## EXERCISE INSTRUCTIONS
Given the entries that follow, write out exactly the lines starting at the one containing "North Carolina Coast" and ending at the one containing "TOYOTA-HILUX-2023", both ends included, and only those.

Scraped caption text data:

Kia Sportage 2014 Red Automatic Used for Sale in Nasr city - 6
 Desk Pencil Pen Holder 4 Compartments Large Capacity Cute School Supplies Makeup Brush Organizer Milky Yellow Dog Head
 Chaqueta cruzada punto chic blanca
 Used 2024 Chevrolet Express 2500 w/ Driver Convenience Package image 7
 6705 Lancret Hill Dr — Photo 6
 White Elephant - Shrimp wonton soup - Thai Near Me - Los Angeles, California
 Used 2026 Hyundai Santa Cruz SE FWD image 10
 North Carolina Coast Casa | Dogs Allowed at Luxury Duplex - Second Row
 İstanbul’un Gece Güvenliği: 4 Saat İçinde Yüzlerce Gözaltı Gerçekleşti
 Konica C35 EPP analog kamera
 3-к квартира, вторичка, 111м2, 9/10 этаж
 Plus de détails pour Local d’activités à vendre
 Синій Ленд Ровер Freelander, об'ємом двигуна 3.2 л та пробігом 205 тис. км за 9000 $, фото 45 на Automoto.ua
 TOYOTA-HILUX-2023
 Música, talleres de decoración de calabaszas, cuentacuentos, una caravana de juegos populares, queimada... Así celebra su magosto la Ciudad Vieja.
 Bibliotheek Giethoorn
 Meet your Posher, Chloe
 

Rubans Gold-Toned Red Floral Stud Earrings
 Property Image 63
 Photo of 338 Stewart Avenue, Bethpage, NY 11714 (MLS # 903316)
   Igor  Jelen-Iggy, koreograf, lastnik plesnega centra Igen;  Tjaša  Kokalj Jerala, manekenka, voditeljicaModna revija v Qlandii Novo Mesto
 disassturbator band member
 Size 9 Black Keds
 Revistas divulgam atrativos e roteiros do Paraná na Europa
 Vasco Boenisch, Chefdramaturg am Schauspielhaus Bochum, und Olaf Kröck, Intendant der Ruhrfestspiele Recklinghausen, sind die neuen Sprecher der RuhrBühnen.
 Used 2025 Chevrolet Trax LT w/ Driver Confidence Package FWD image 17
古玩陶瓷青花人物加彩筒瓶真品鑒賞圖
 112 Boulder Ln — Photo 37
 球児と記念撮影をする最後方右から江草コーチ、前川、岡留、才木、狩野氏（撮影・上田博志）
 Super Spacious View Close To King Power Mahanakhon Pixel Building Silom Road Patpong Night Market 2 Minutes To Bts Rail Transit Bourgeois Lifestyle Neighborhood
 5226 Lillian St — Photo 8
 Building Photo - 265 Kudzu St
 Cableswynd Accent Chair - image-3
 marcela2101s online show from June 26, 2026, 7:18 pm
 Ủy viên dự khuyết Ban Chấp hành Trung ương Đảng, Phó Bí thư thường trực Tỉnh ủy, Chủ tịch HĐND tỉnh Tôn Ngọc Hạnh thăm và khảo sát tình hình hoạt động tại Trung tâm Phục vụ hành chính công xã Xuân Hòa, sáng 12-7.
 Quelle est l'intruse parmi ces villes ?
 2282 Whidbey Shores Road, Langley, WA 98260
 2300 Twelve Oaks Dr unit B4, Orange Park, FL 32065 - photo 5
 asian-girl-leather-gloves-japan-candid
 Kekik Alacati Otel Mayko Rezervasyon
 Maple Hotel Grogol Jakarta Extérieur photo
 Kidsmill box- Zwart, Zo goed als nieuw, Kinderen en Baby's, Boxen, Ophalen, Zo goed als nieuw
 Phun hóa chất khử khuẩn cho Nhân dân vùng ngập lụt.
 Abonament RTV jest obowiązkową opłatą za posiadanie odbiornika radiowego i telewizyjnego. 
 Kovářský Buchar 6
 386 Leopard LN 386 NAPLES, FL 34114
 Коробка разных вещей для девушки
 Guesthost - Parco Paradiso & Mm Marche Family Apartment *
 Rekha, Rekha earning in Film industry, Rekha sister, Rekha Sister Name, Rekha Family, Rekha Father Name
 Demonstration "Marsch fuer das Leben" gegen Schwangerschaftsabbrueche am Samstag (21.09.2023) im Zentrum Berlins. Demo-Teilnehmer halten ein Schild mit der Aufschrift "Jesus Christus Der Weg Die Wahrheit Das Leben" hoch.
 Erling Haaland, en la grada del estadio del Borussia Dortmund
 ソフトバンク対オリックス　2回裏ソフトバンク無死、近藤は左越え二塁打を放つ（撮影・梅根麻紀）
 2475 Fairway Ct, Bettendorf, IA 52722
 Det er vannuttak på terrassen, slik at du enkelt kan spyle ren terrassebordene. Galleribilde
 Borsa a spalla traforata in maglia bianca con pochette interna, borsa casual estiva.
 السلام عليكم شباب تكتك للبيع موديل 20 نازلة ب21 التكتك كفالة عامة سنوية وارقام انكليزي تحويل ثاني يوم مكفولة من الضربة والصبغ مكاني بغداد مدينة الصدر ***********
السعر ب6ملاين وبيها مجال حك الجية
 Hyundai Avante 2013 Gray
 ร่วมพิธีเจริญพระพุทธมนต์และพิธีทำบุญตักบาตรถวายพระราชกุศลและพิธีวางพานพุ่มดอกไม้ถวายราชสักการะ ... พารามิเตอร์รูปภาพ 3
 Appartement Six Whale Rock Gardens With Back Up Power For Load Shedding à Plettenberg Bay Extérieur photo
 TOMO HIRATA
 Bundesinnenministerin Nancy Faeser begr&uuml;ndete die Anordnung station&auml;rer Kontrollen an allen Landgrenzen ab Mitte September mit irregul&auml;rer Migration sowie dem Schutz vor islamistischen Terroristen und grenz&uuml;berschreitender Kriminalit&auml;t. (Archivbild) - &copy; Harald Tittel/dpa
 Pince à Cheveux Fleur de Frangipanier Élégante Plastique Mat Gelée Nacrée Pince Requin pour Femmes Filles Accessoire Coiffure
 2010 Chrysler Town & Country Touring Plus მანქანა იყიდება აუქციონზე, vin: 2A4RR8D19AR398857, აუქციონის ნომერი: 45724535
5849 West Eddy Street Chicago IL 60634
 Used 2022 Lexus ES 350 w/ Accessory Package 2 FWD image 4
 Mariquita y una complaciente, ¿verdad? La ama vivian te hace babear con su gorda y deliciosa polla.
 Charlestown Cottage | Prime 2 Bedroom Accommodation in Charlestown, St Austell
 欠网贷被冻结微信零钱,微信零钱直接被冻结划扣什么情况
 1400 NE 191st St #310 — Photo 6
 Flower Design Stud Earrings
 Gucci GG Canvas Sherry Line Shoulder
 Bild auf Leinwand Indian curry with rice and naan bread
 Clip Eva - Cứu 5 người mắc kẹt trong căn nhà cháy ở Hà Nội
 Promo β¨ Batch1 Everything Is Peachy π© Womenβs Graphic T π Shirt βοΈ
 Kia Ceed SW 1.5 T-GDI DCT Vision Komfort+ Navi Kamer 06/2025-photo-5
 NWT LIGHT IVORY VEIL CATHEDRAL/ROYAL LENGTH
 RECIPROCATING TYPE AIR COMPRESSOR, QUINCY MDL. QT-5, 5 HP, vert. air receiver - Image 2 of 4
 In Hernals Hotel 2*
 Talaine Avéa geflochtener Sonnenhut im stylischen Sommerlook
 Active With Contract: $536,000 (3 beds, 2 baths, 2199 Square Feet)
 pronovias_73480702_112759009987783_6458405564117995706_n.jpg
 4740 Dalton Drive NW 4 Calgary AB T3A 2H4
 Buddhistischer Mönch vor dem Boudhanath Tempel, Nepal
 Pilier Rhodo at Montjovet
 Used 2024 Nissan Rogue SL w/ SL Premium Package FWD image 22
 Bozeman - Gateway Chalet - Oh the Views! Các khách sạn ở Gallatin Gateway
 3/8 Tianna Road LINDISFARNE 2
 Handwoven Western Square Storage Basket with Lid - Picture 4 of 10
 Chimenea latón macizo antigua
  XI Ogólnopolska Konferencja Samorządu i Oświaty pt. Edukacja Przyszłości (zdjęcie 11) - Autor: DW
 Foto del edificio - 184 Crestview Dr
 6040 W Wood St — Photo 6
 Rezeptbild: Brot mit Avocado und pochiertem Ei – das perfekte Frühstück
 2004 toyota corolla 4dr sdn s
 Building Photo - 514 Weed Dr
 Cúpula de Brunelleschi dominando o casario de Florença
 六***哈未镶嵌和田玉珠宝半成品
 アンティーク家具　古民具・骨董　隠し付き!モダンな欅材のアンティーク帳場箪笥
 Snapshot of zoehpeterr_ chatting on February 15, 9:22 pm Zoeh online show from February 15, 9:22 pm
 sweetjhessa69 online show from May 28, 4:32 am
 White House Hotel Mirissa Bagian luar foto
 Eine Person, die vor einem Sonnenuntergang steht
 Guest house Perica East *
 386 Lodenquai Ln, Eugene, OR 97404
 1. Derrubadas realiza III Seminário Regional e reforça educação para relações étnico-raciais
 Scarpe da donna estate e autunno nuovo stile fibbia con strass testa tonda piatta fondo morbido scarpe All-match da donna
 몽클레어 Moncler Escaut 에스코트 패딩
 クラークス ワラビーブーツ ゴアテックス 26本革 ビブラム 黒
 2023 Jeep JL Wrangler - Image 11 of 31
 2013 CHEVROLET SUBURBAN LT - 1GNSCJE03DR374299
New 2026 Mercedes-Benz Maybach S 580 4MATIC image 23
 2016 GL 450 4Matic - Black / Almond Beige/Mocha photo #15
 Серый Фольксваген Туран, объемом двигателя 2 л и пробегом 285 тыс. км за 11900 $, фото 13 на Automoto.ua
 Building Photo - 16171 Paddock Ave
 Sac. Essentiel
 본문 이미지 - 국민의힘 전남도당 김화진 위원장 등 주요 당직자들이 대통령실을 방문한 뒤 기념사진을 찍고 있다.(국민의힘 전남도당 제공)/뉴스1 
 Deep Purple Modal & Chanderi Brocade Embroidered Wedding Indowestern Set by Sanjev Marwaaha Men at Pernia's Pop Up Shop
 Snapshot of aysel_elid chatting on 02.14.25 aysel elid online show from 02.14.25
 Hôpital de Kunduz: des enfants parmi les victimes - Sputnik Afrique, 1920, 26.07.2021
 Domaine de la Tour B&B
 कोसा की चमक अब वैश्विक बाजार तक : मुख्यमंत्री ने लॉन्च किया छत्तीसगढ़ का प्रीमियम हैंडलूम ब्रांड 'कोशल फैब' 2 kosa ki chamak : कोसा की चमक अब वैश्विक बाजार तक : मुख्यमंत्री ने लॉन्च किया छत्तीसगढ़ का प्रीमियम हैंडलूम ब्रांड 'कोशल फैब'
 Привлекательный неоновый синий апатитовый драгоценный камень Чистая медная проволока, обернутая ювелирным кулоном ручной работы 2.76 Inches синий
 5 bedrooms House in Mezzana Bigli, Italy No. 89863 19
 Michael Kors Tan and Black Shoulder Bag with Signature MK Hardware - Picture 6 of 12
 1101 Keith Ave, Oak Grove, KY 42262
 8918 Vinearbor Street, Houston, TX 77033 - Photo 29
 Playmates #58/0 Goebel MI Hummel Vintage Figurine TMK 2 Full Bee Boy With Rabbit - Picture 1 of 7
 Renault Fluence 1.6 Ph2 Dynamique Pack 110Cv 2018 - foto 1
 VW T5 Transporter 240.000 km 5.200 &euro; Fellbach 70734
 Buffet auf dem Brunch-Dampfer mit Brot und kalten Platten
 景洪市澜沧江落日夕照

## ANSWER BELOW
 North Carolina Coast Casa | Dogs Allowed at Luxury Duplex - Second Row
 İstanbul’un Gece Güvenliği: 4 Saat İçinde Yüzlerce Gözaltı Gerçekleşti
 Konica C35 EPP analog kamera
 3-к квартира, вторичка, 111м2, 9/10 этаж
 Plus de détails pour Local d’activités à vendre
 Синій Ленд Ровер Freelander, об'ємом двигуна 3.2 л та пробігом 205 тис. км за 9000 $, фото 45 на Automoto.ua
 TOYOTA-HILUX-2023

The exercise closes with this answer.